Halodayak.com – Ketika warga Sri Lanka antre BBM berjam-jam, mengalami pemadaman listrik setiap hari, dan menyaksikan merosotnya pendapatan mereka, presidennya, Gotabaya Rajapaksa, menyalahkan kekuatan di luar kendalinya.
“Krisis ini tidak diciptakan oleh saya,” cetusnya dalam pidatonya bulan lalu, mendesak rakyatnya “yakin” pada tindakan presiden.
Saat ini, puluhan ribu pengunjuk rasa memenuhi jalan-jalan di ibu kota Kolombo, dan bentrok dengan pasukan keamanan di luar rumah dinas keluarga penguasa tersebut.
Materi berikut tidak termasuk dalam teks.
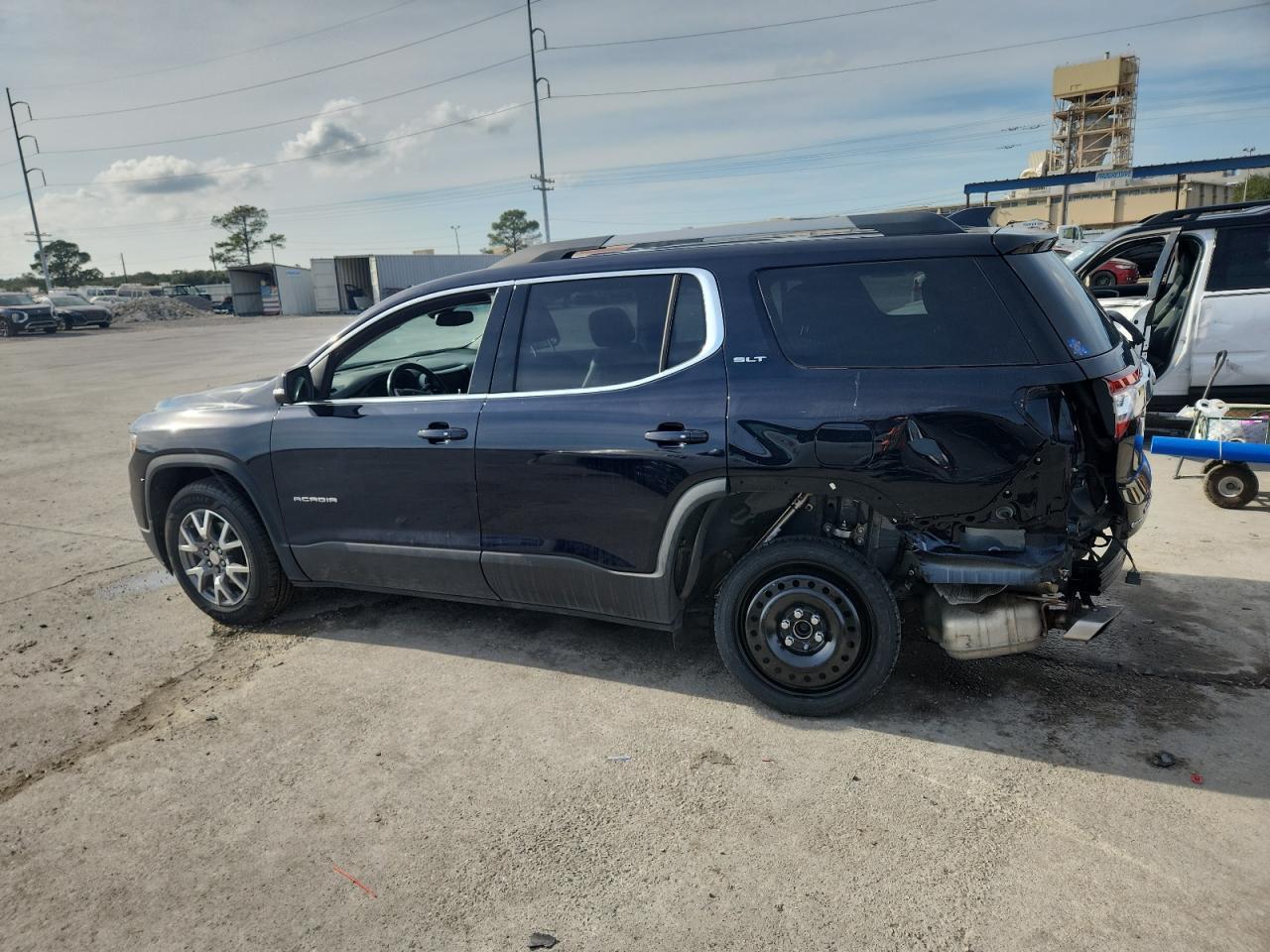 2021 GMC Acadia Slt - Фото 2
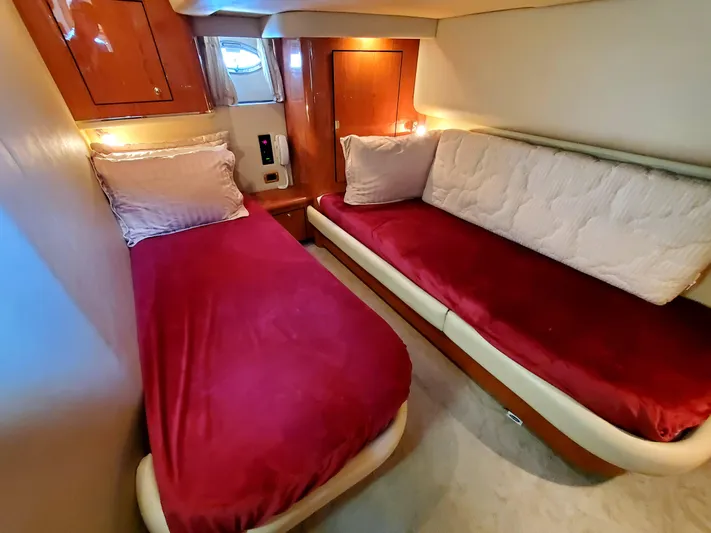 Sunbear Express Yacht Photos Pics 2001 Sea Ray 510 Sundancer cabin with twin beds and red bedding.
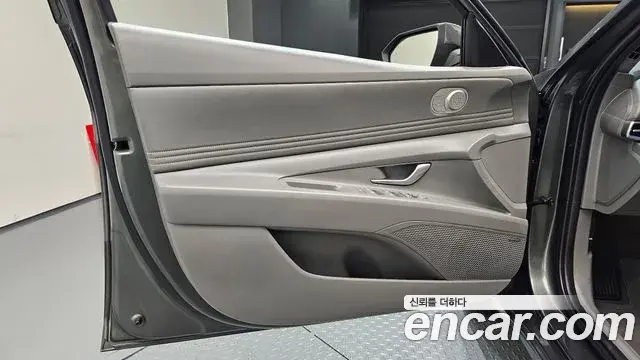 Hyundai The New Avante Hybrid 2022 — ფოტო 10/32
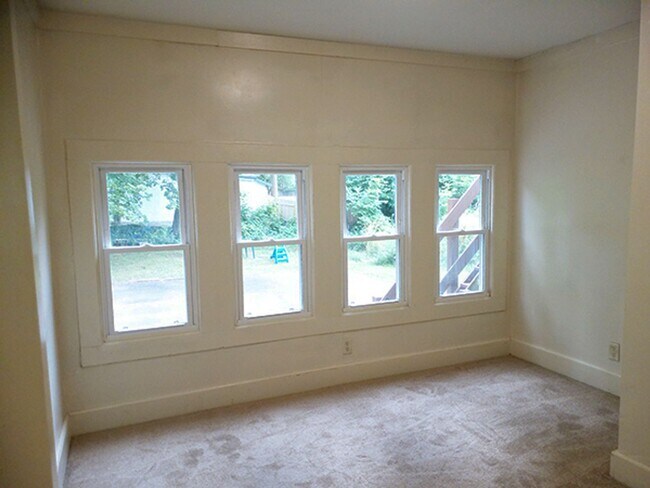 Building Photo - AVAILABLE 8/1/26 - Bright and Spacious One...
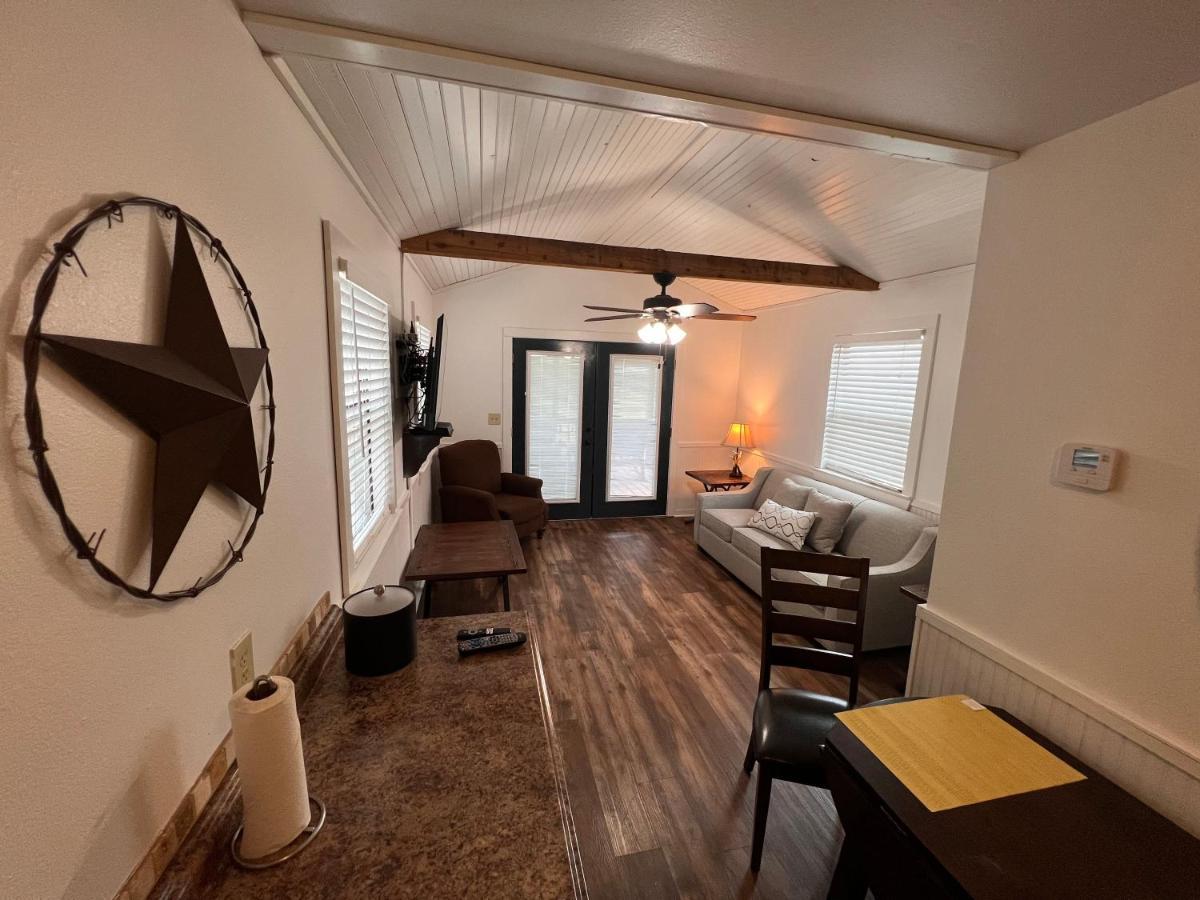 The Hideout Golf Club & Resort Lake Brownwood Bagian luar foto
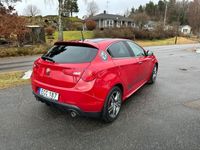 begagnad Alfa Romeo Giulietta 2.0 JTDM 16V TCT Exclusive QV-line 175hk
Mereka kehabisan barang kebutuhan pokok dan kesabaran, dan meminta presiden mengundurkan diri.
Para pengkritik mengatakan presiden lebih fokus dalam melindungi dinasti politik keluarganya daripada memperbaiki institusi dan perekonomian negara.
Untuk memastikan masa depan politik keluarganya, Rajapaksa (72), merusak sistem peradilan pidana, memenjarakan pembangkang, dan menghancurkan oposisi.
Dia memperluas kekuasaan kepresidenannya secara drastis, memenuhi pemerintah dengan kerabatnya, rekan militer dan biksu sayap kanan yang selaras dengan pola pikir penegakan hukum dan ketertibannya.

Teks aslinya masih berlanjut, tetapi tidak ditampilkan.